Le 31 décembre, à 23 heures, 59 minutes et 59 secondes en temps universel coordonné (UTC), une seconde supplémentaire sera ajoutée. En France, où les montres sont en avance d'une heure par rapport à l'heure GMT en hiver, ce changement interviendra à 1 h du matin jeudi.Depuis 1972, une seconde dite «intercalaire» est ajoutée régulièrement par l'Observatoire royal à Greenwich, en Angleterre, pour tenir compte de l'infime ralentissement de la rotation de la Terre. Ces ajustements réguliers - la seconde intercalaire ajoutée à l'occasion du passage à 2009 sera la 24e en près de 40 ans - ont contribué à maintenir le statut de référence internationale du système GMT.

Certains scientifiques estiment toutefois qu'il devrait être remplacé par le Temps atomique international, dont ils soulignent la haute précision. Mais le TAI compte aussi des détracteurs, qui font valoir que les horloges atomiques, sans un ajustement périodique, seraient un jour désynchronisées avec les cycles du Soleil.

Le décalage ne serait pas visible pendant des décennies, mais d'ici un millénaire, midi, l'heure où le Soleil se trouve normalement au zénith, tomberait vers 13 h. Dans des dizaines de milliers d'années, le Soleil accuserait plusieurs jours de retard sur le calendrier humain. «(Nos descendants) nous en voudront moins si nous choisissons de laisser les montres indiquer 12 h lorsque le Soleil est au zénith», souligne Steve Allen, un analyste de l'Observatoire Lick à l'Université de Californie.

Les partisans du TAI répondent que les secondes intercalaires sont imprévisibles.
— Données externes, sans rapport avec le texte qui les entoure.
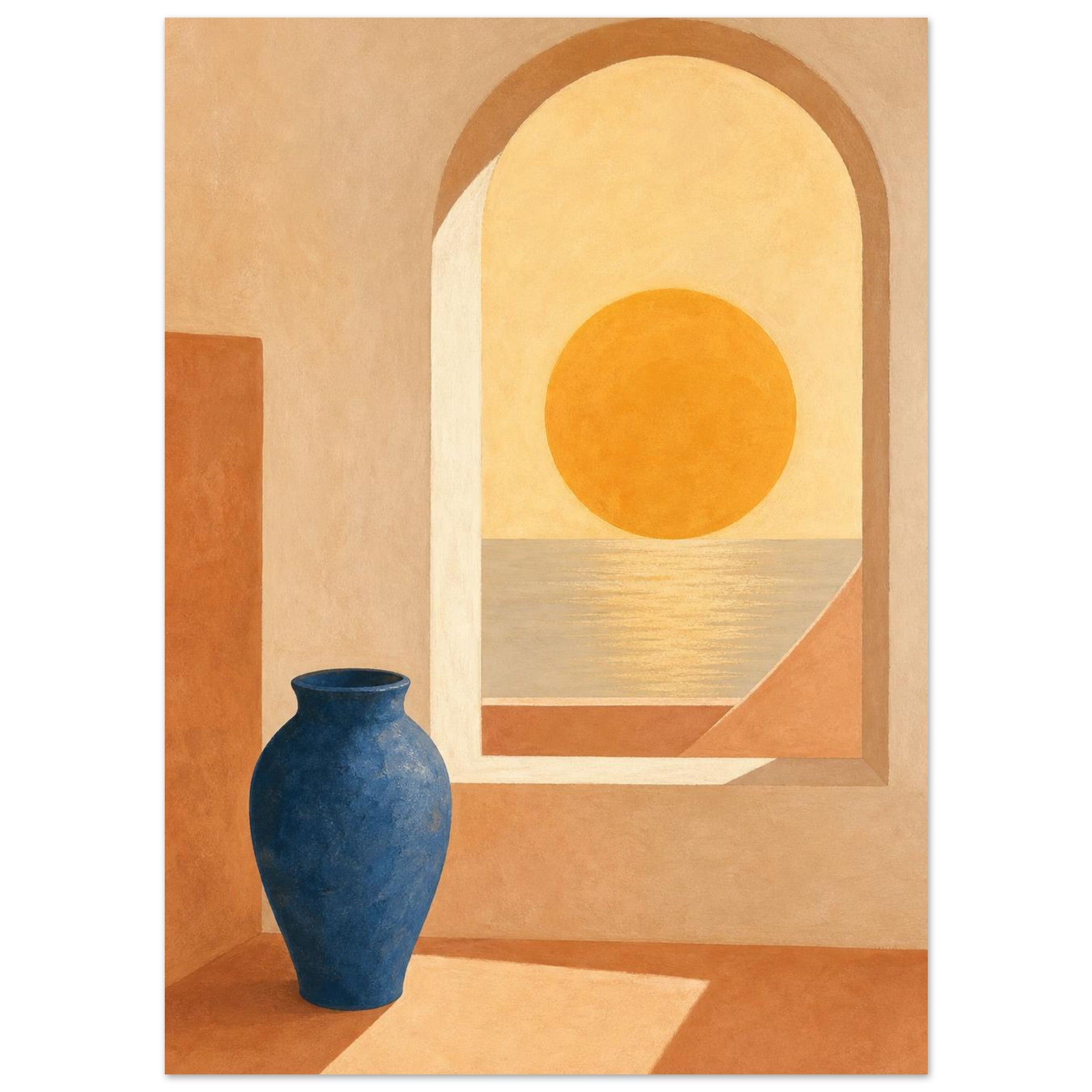 Terracotta architecture and cobalt sea coastal art poster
La vitesse de rotation exacte de la Terre ne pouvant être déterminée à l'avance, elles sont ajoutées lorsque nécessaire, parfois, comme cette année, un 31 décembre, mais parfois aussi le 30 juin. Ces légers ajustements peuvent faire «boguer» des logiciels sensibles, en particulier en Asie où ils interviennent en cours de journée à cause du décalage avec l'heure GMT.

Mais les Britanniques souhaitent conserver la prééminence du système GMT. «Nous éprouvons une sorte de fierté nationale en Grande-Bretagne sur le fait que le temps est calculé à Greenwich», souligne Stephen Mallinson, 50 ans, un cadre d'une société de télécommunications, interviewé à Londres.

À l'observatoire royal de Greenwich, dans la banlieue de Londres, Susie Holt, une mère au foyer de 53 ans, n'est pas du tout favorable à l'abandon de l'heure GMT. Et sa fille Kirsty, 15 ans, de déclarer: «Nous ne voulons pas que les Français contrôlent l'heure. Ils risquent de se tromper.»

Reste qu'Elisa Felicitas Arias, du Bureau international des poids et mesures (BIPM), organisme qui calcule le temps atomique à Sèvres, près de Paris, milite pour l'abandon des secondes intercalaires et juge l'heure GMT «périmée».

Cette scientifique a déjà obtenu un très large soutien à sa cause, et l'Union internationale des télécommunications - l'arbitre des systèmes internationaux de calcul du temps - envisage d'organiser dès 2009 un vote sur le passage au temps atomique. Mme Arias assure que les États-Unis, la France, l'Allemagne, l'Italie et le Japon sont d'accord avec cette réforme.

Mais David Rooney, un responsable de l'Observatoire royal de Greenwich, ne veut pas voir disparaître les secondes intercalaires, qui permettent à tous de profiter du «meilleur des deux systèmes», explique-t-il. Ces ajustements permettent aux satellites ou encore aux physiciens de profiter de la précision du temps atomique tout en restant en phase avec la position du Soleil dans le ciel, ajoute-t-il.

La Société américaine d'astronomie (AAS) est officiellement neutre sur la proposition de passer à l'heure atomique, calculée à partir de plus de 200 horloges atomiques dans le monde.

Sans surprise, la Société royale d'astronomie en Grande-Bretagne s'est prononcée pour le maintien des secondes intercalaires. Leur abandon serait «pour le moins un grand changement culturel», souligne son porte-parole Robert Massey. «Abandonner le lien entre le temps et l'heure solaire serait vraiment un grand changement.»